He then tells me in passing that they met on the business trip he went to and had got on really well. I asked if anything had happened and if that had been why he'd picked a big row when he'd got back from the trip, he ended up on his knees in front of me with his face right in mine shouting full volume at me "Listen to me, I've never been near another woman" which left me shaking and shocked. 

He took her off FB no idea if they still have contact. 

Am I reading too much into this? I have a horrible niggly doubt that something did go on but he would always deny that and I have no way of ever getting any proof. 

Thanks


----------



## Works (Apr 3, 2016)

Plum said:


> Husband went on a 4 day business a while back, not much communication from him while away, just a text to say he'd arrived and one later in evening to ask if I was free for a call.
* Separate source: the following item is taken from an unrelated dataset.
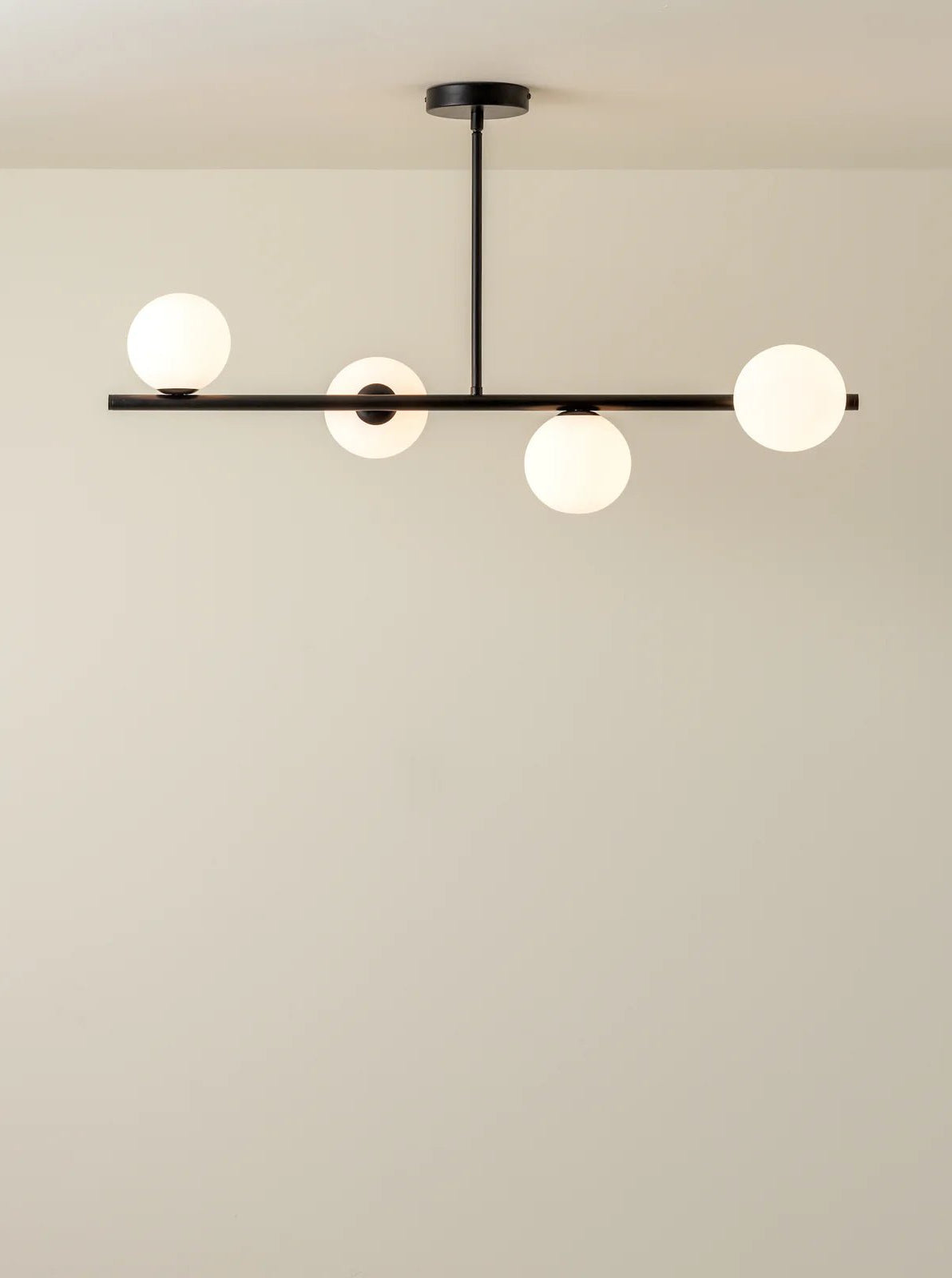 Perch - 4 Light Matt Black And Opal Pendant Bar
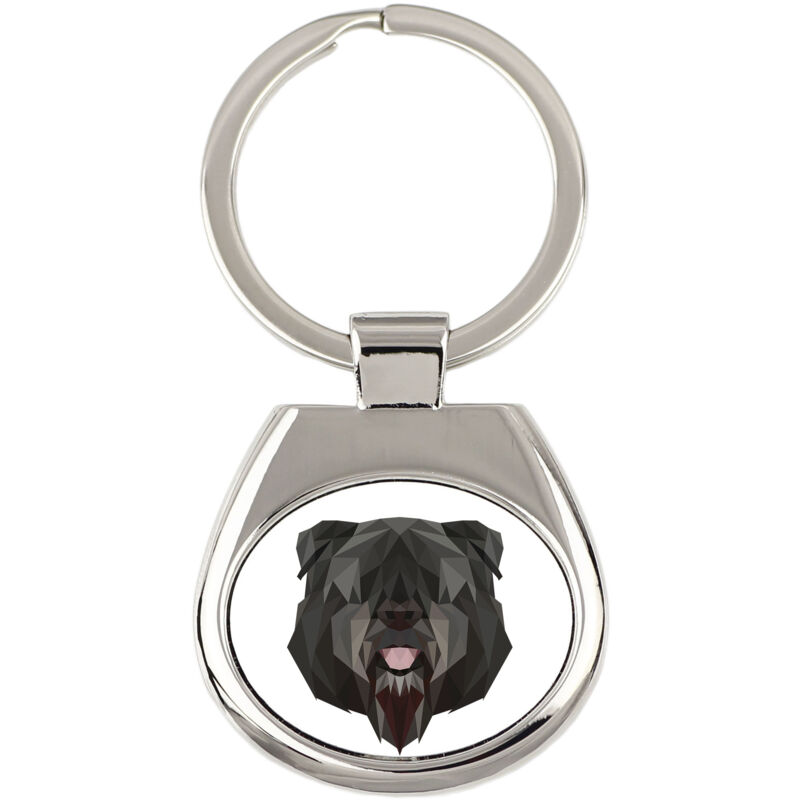 foto del prodotto bouvier des flandres portachiavi geometrico con foto e scritta art dog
Next day just a text in evening to ask if free to chat again.
> 
> No other communication, no details of where he was staying. Past business trips he's made an effort to message throughout the day and given me details.
> 
> ...


You are NOT reading too much into this. Always trust your gut.


----------



## snowbum (Dec 14, 2021)

I think your instincts are telling you something.


----------



## Openminded (Feb 21, 2013)

He’s never going to tell you if anything happened so you’ll have to decide what you’re going to do without his input.


----------



## *Deidre* (Feb 7, 2016)

I'd check in now and again, to see if he adds her back on FB. Hard to say. Everything he could have told you about his dead battery, and so on...could be true. You know him better than us, if he's always been truthful about innocuous things like that, then he could be telling the truth. But, it's odd to be in another country, and just not check in more often, and ask how you are. His screaming at you is telling though.

Also, that he told you he's not the one for you, what does that even mean? Of course, he could be offended that you are implying you don't trust him, but there could be more. Just see what the next few weeks bring, and see what happens.
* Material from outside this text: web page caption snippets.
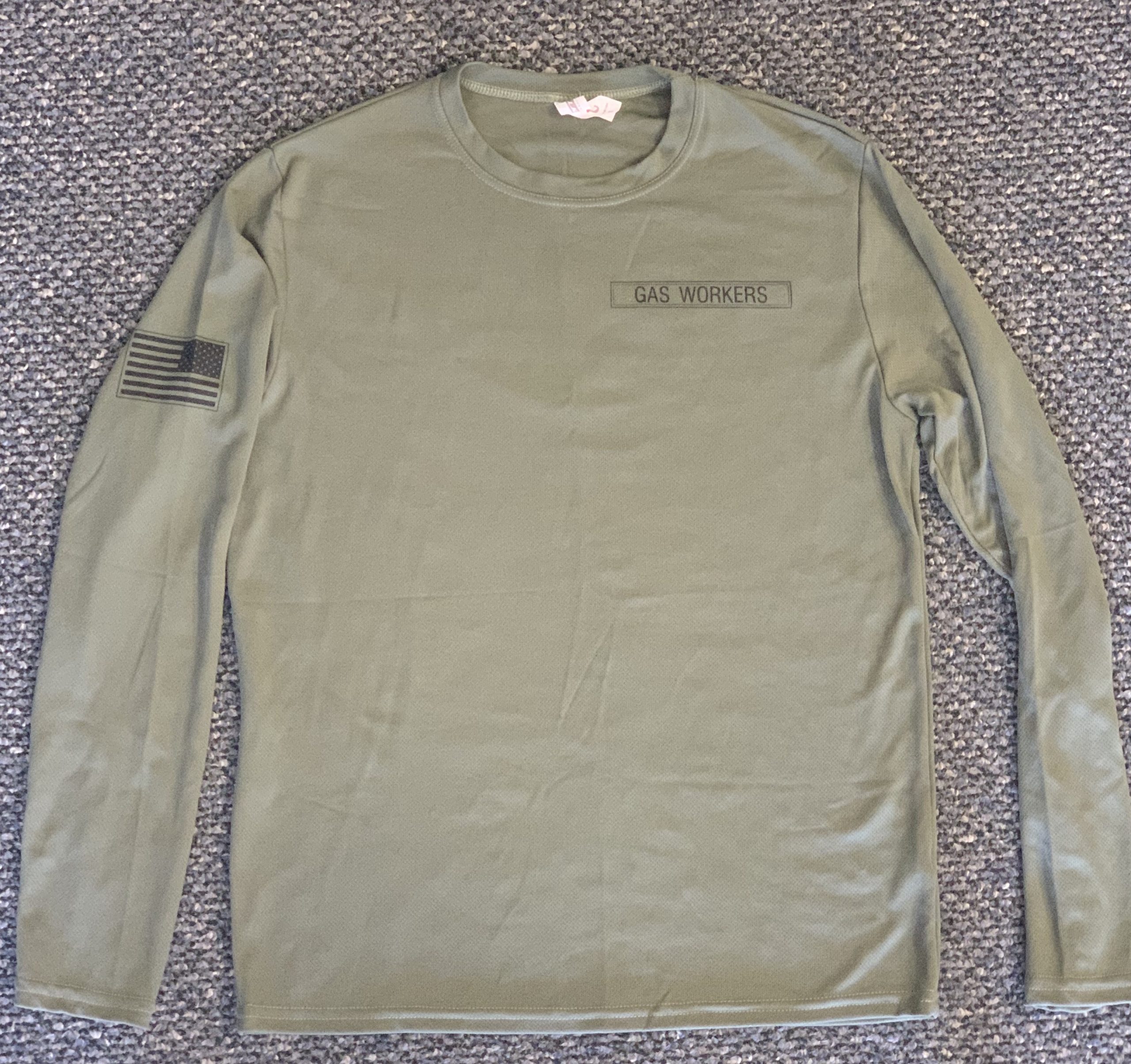 Long Sleeve T-Shirt – Dri-Fit – Military Green – Large | Gas Workers ...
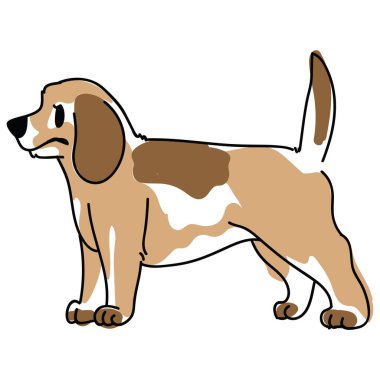 Şirin, baştan savma köpek çizimi. Çocuklar için serbest çizim köpek yavrusu, en az benek rengine sahip mürekkepli av köpeği..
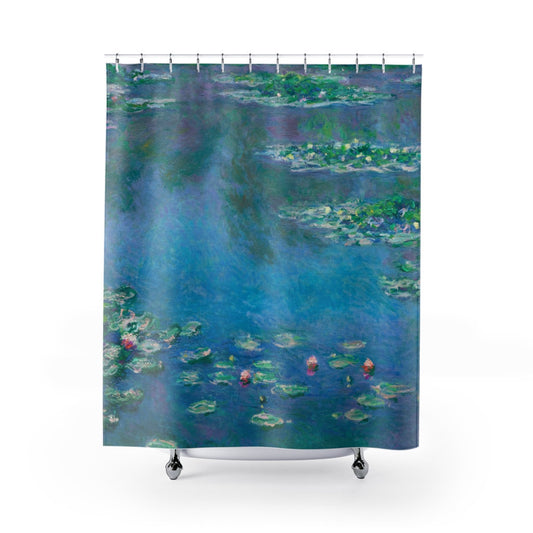 Monet Shower Curtain, Water Lillies Curtain, Blue Shower Curtain, Nature Shower Curtain, Monet Painting, Monet Bathroom, Blue Bathroom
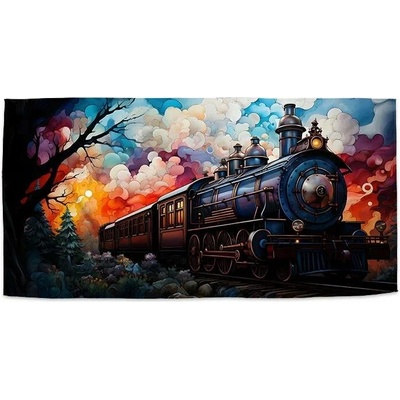 Sablio Ručník s potiskem Parní lokomotiva v kouzelné krajině 70 x 140 cm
Check the phone bill now and again as well, as others may suggest here. If he unfriended her on FB, he may have her number, and could be staying in touch that way. At the very least, he hung out with another woman during a business trip and didn't stay in contact with you, giving you excuses. I'd also see if he charged anything like an expensive dinner with her, or something, from that trip.
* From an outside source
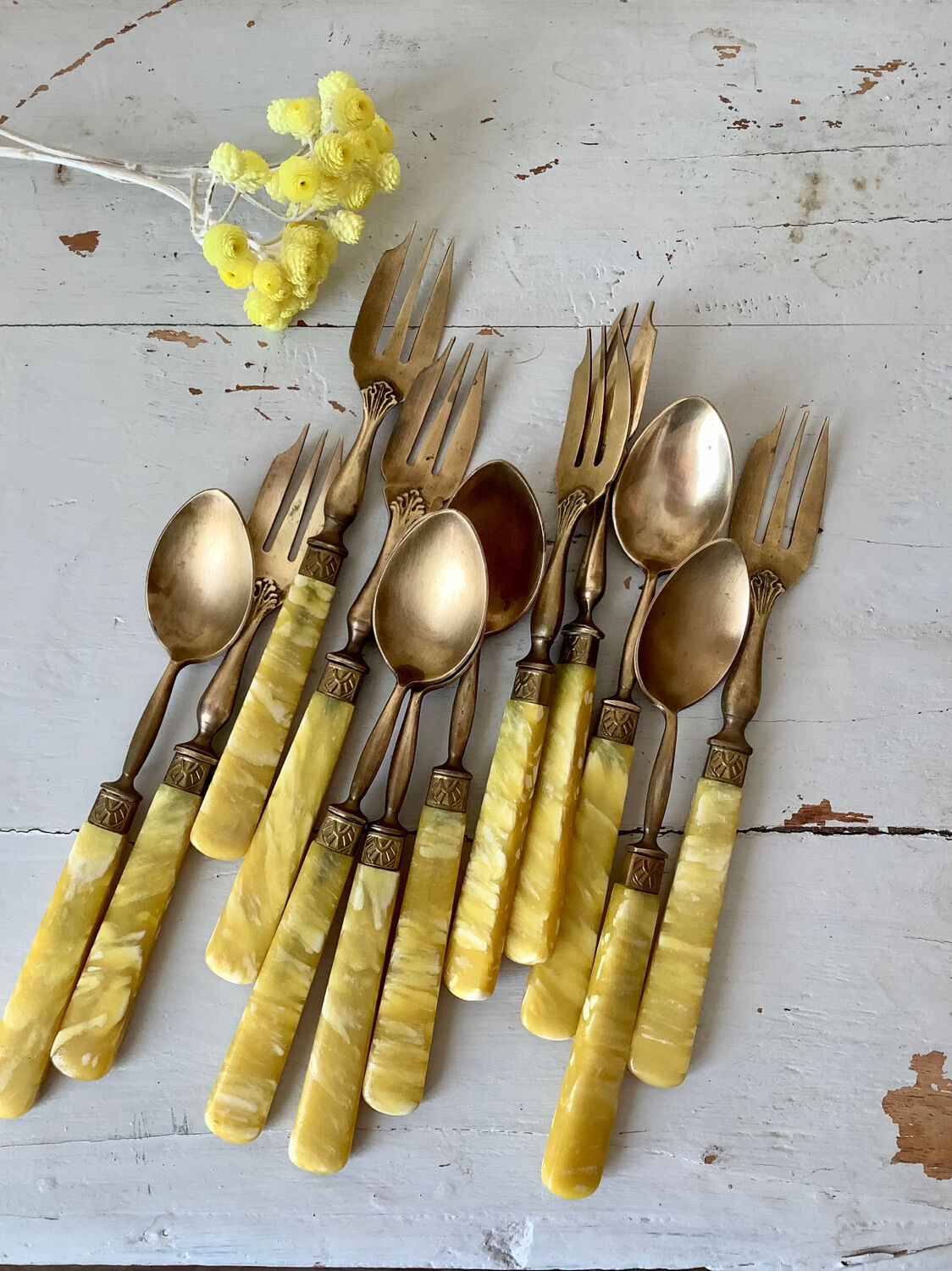 Brass and bakelite dessert cutlery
This doesn't mean he's having an affair, but just be observant. Not obsessed, just observant.


----------



## LisaDiane (Jul 22, 2019)

Plum said:


> Husband went on a 4 day business a while back, not much communication from him while away, just a text to say he'd arrived and one later in evening to ask if I was free for a call. Next day just a text in evening to ask if free to chat again.
> 
> No other communication, no details of where he was staying. Past business trips he's made an effort to message throughout the day and given me details.
> 
> ...


This sounds similar to how he behaved about a year and a half ago....did you guys ever resolve those issues between you two? How have things been since...have you been getting along, or are you still struggling and not having sex?

Those are important questions, because it might show a pattern and if you are still both unable to connect emotionally or physically, it weakens your marriage and makes cheating more likely.


----------



## Not (Jun 12, 2017)

So it sounds like he becomes enraged when he feels you've backed him into a corner. He begins to panic and tries to take back control by a show of dominance. To me, it's a sure sign of guilt. It's another form of lying because he knows he can't talk his way out so he bullies his way out.


----------



## ShatteredKat (Mar 23, 2016)

Post #6 - it is a plain truth

Ma'am - you have a problem and it is a male with the name on your marriage license.

He needs IC/Anger Management and likely some other 'treatments' on how to be a decent person.


----------



## Rayr44 (6 mo ago)

I am a guy who travels a bit around Asia, Europe and the US. I am on the road almost 150+ days a year. No matter how important my meeting is I take calls from my wife and kids at anytime of the day no matter how important the business is.

After reading your post, I suspect he is into something that he is ashamed of or scared to tell you. If he wanted to keep in touch with a colleague, then he would have added her on LinkedIn as it a professional network space. I am sorry to inform you that this is not a normal behaviour and I suspect he hiding something from you!


----------



## Trident (May 23, 2018)

His explanation and his reaction to your questions create many more questions than answers.

Then a look at the history- and it's clear there's a problem here.

I wouldn't be giving him the benefit of the doubt, that's for sure, especially given his rage at your reasonable questions- it appears he's using the old "The best defense is a good offense" strategy right there.


----------



## re16 (Oct 9, 2012)

Trust your gut, something is off with this situation.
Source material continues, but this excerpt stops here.